→ GOAL OF THE EXERCISE
Without reproducing any picture, copy the records word for word.

→ MATERIAL SHOWN
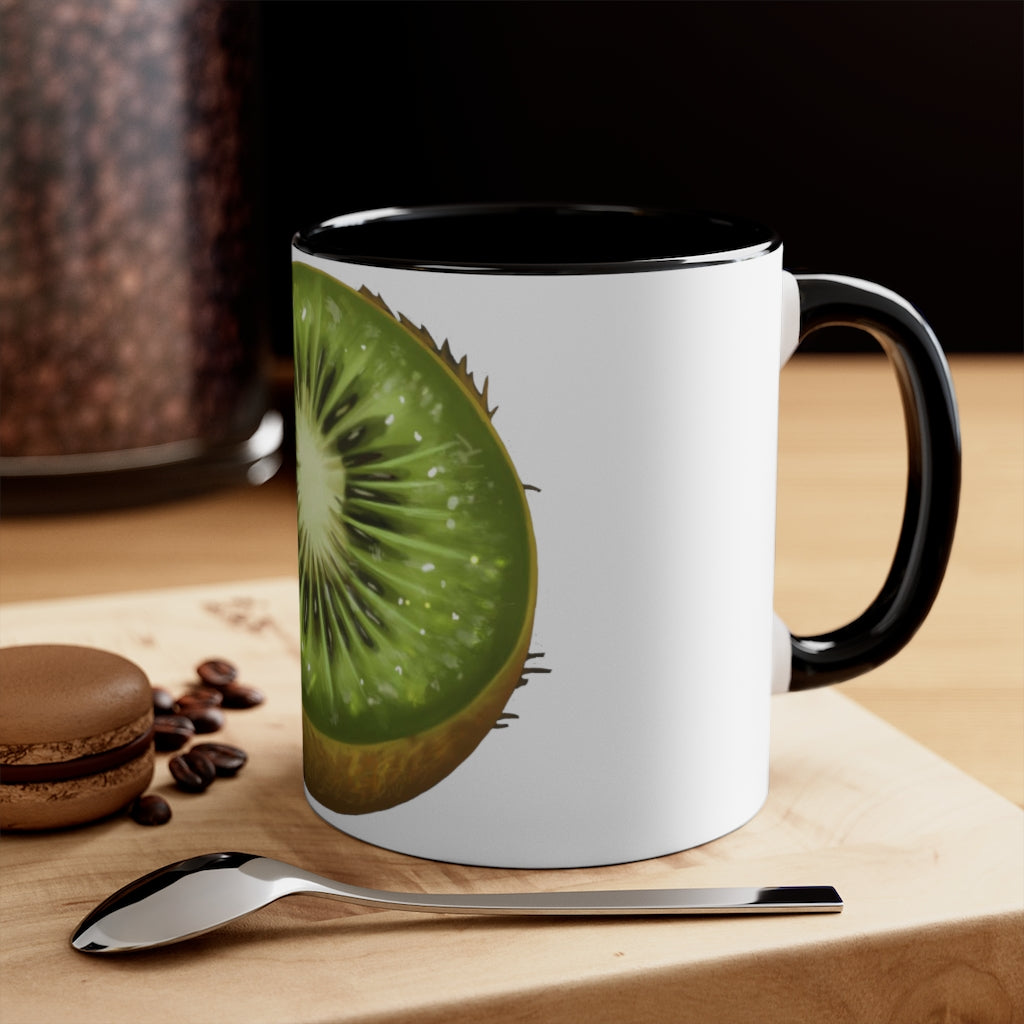 A vibrant Kiwi Accent Coffee Mug with a two-tone design featuring a colored interior and C-handle, perfect for coffee or tea.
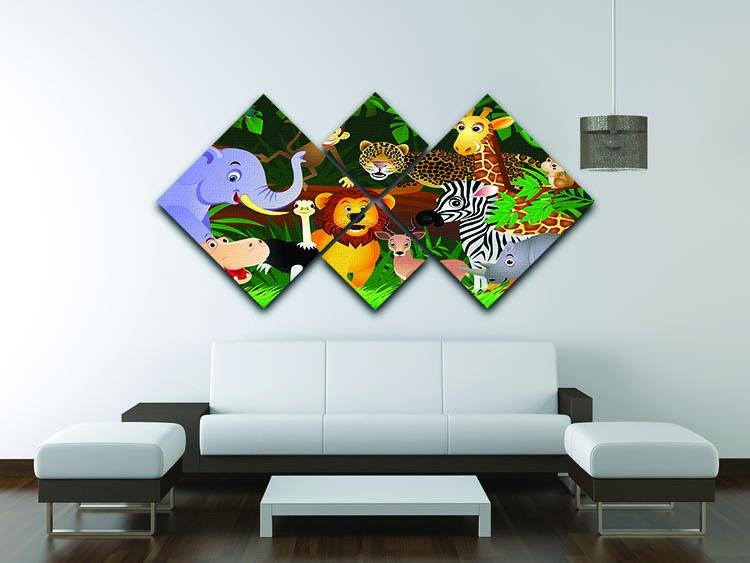 Frendly Animals in the jungle 4 Square Multi Panel Canvas - Canvas Art Rocks - 3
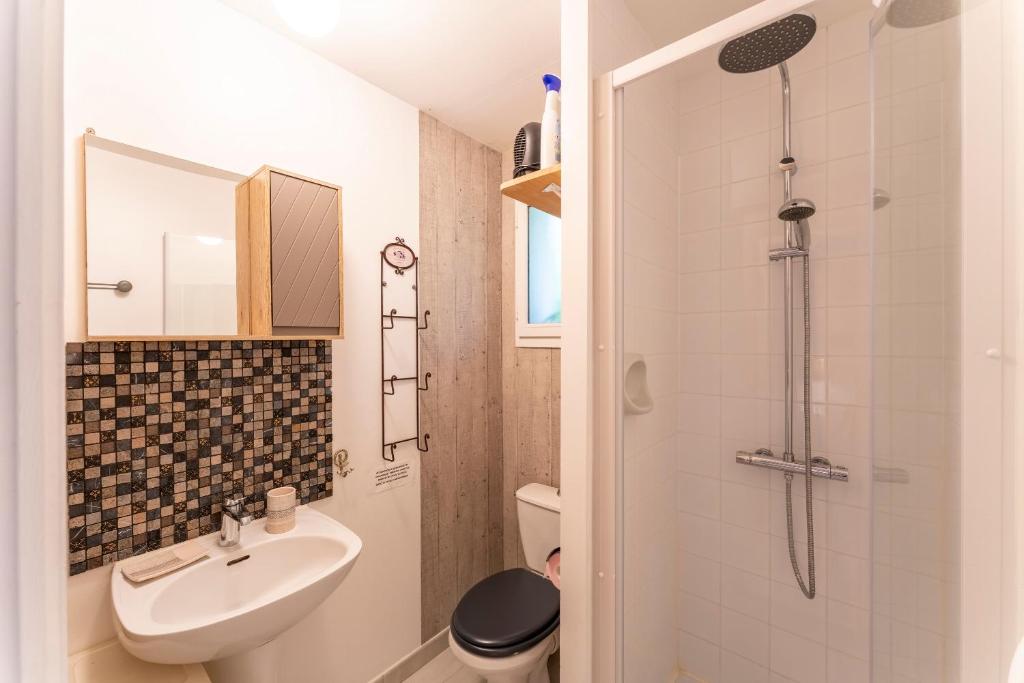 une petite salle de bain avec un lavabo et une douche dans l'établissement Gîte au coeur du Vaucluse, à Malemort-du-Comtat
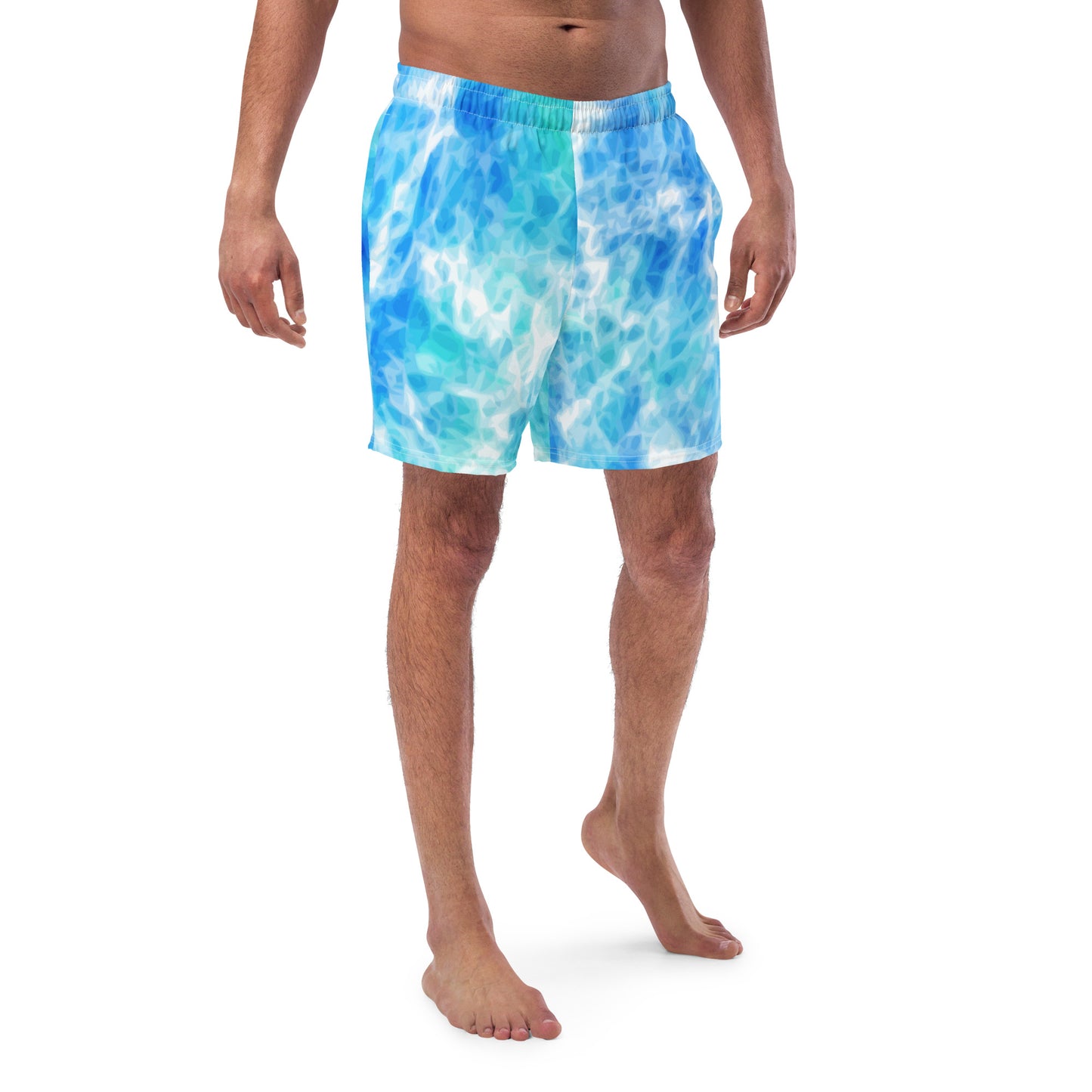 Tie Dye Men Swim Trunks, Blue Ocean Beach Mesh Pockets Beach Bathing Suit Plus Size Eco Designer Shorts Starcove Fashion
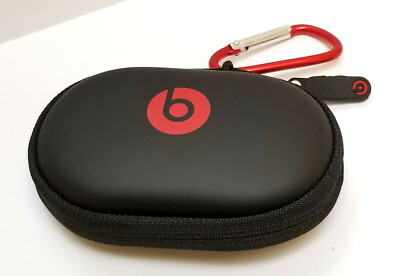 Hard Pocket Case for Beats Earphones In-Ear Earbuds.  With RED Carabiner/Hook.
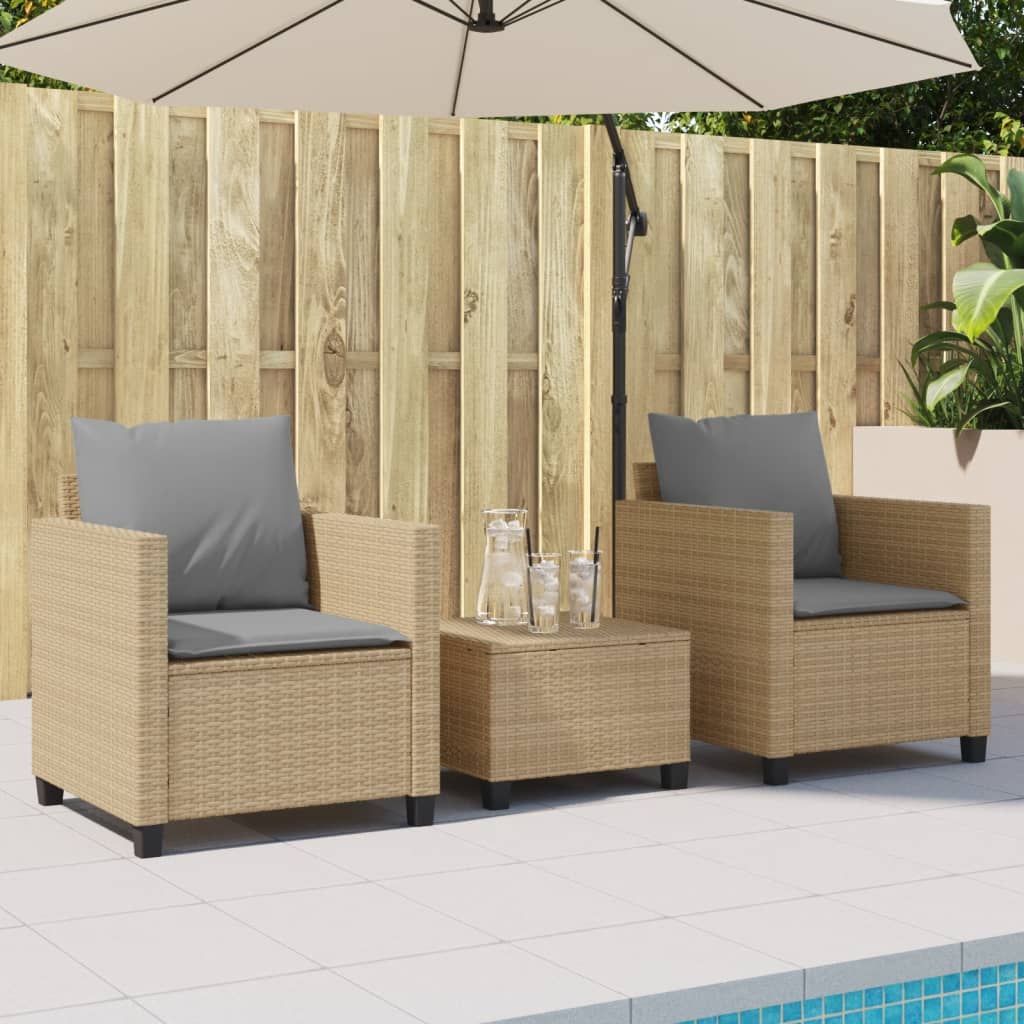 vidaXL 3-delige Bistroset met kussens poly rattan beige afbeelding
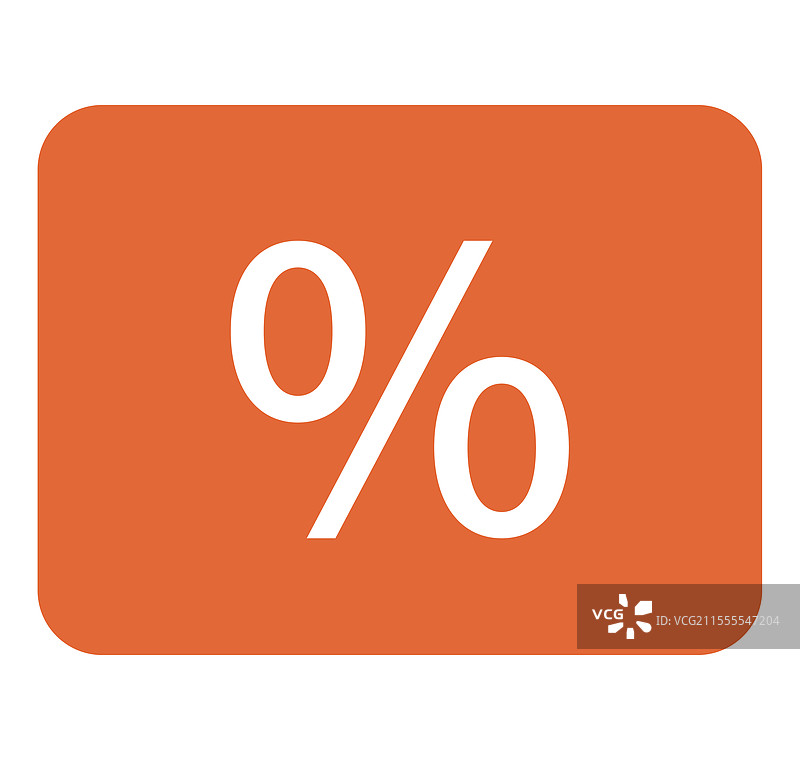 橙色矩形上的粗体百分号符号图片素材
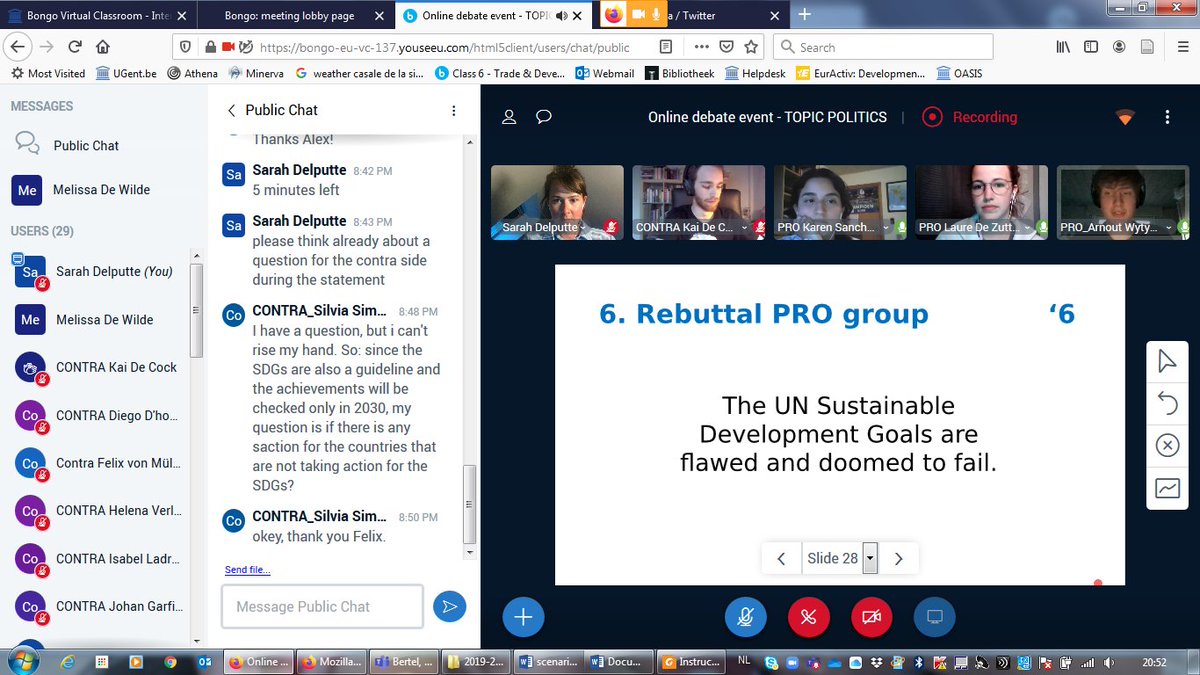 So this has happened! Some 100 students of Political Sciences, Economics, Philosophy and Engineering of <a href="/ugent/">UGent</a> have participated in 16 online Oxford Style Debates on Sustainability this evening. I've been moderating the Politics session and I am left impressed. Very well done!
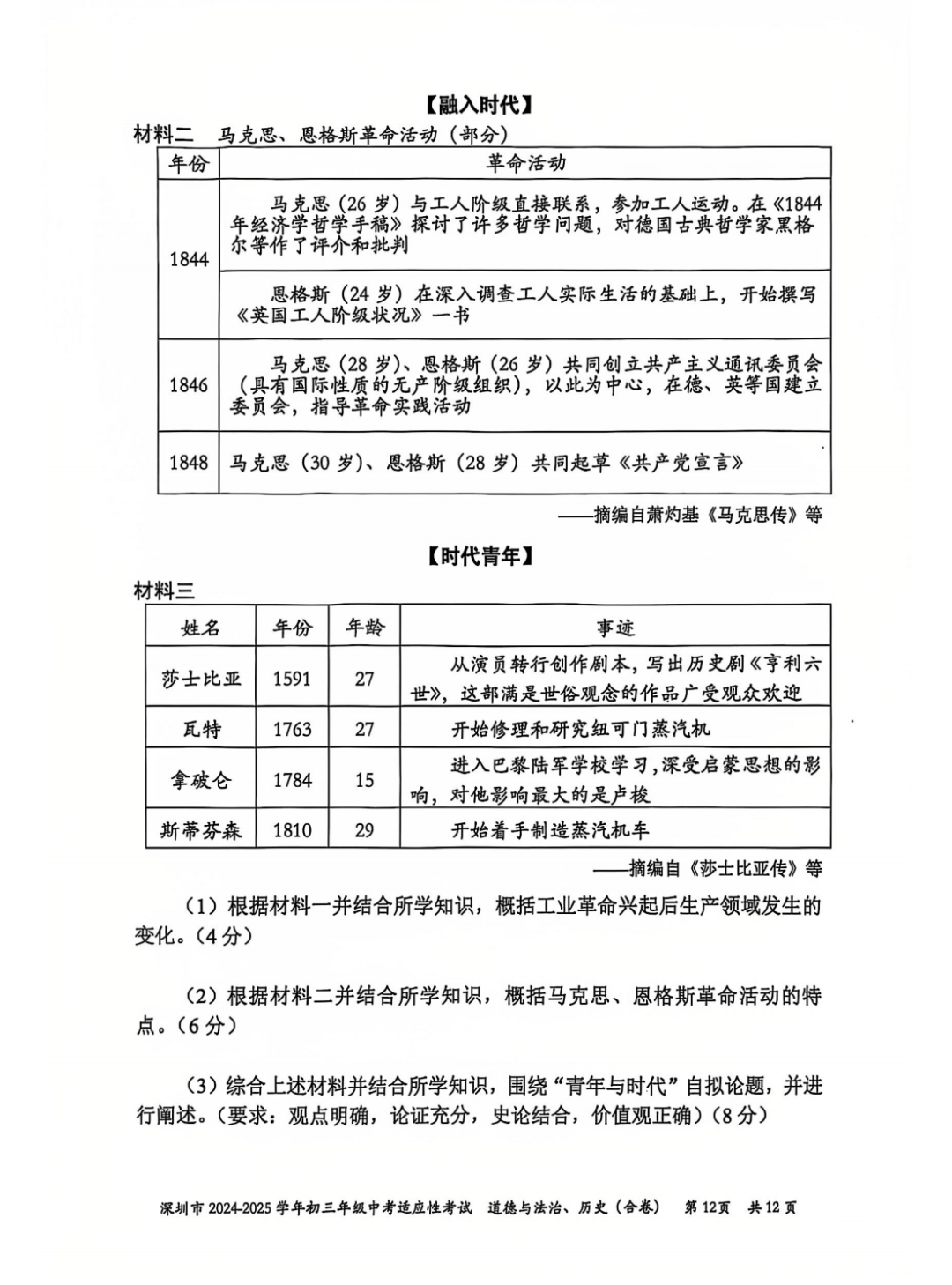 2026年深圳中考历史试卷真题及答案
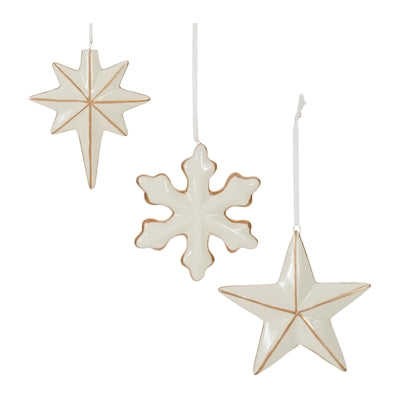 Star and Snowflake Ornament (3 Asst) 4”H Ceramic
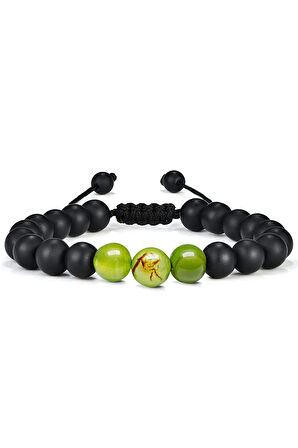 Sertifikalı Doğal Yeşil Akik Oniks Taşı Doğal Taş Bileklik Seti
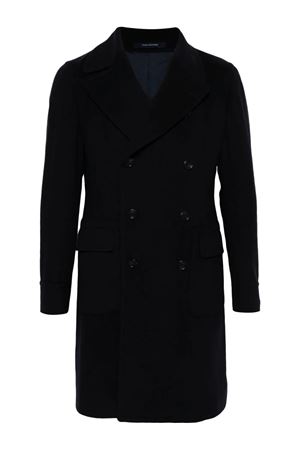 Navy blue virgin wool-cashmere blend coat TAGLIATORE | CARLOZ350001B5054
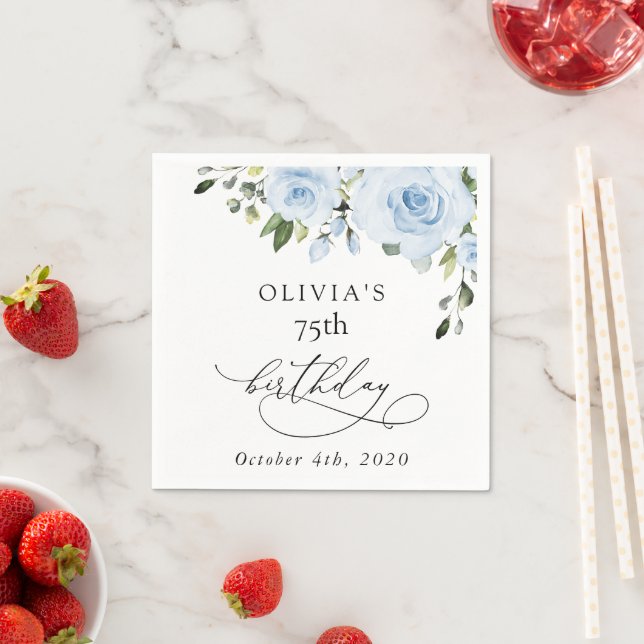 Serviette En Papier Dusty Blue Flowers, Greenery, Boho, Birthday (En situation)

→ SOLUTION FOR THIS TASK
 A vibrant Kiwi Accent Coffee Mug with a two-tone design featuring a colored interior and C-handle, perfect for coffee or tea.
 Frendly Animals in the jungle 4 Square Multi Panel Canvas - Canvas Art Rocks - 3
 une petite salle de bain avec un lavabo et une douche dans l'établissement Gîte au coeur du Vaucluse, à Malemort-du-Comtat
 Tie Dye Men Swim Trunks, Blue Ocean Beach Mesh Pockets Beach Bathing Suit Plus Size Eco Designer Shorts Starcove Fashion
 Hard Pocket Case for Beats Earphones In-Ear Earbuds.  With RED Carabiner/Hook.
 vidaXL 3-delige Bistroset met kussens poly rattan beige afbeelding
 橙色矩形上的粗体百分号符号图片素材
 So this has happened! Some 100 students of Political Sciences, Economics, Philosophy and Engineering of <a href="/ugent/">UGent</a> have participated in 16 online Oxford Style Debates on Sustainability this evening. I've been moderating the Politics session and I am left impressed. Very well done!
 2026年深圳中考历史试卷真题及答案
 Star and Snowflake Ornament (3 Asst) 4”H Ceramic
 Sertifikalı Doğal Yeşil Akik Oniks Taşı Doğal Taş Bileklik Seti
 Navy blue virgin wool-cashmere blend coat TAGLIATORE | CARLOZ350001B5054
 Serviette En Papier Dusty Blue Flowers, Greenery, Boho, Birthday (En situation)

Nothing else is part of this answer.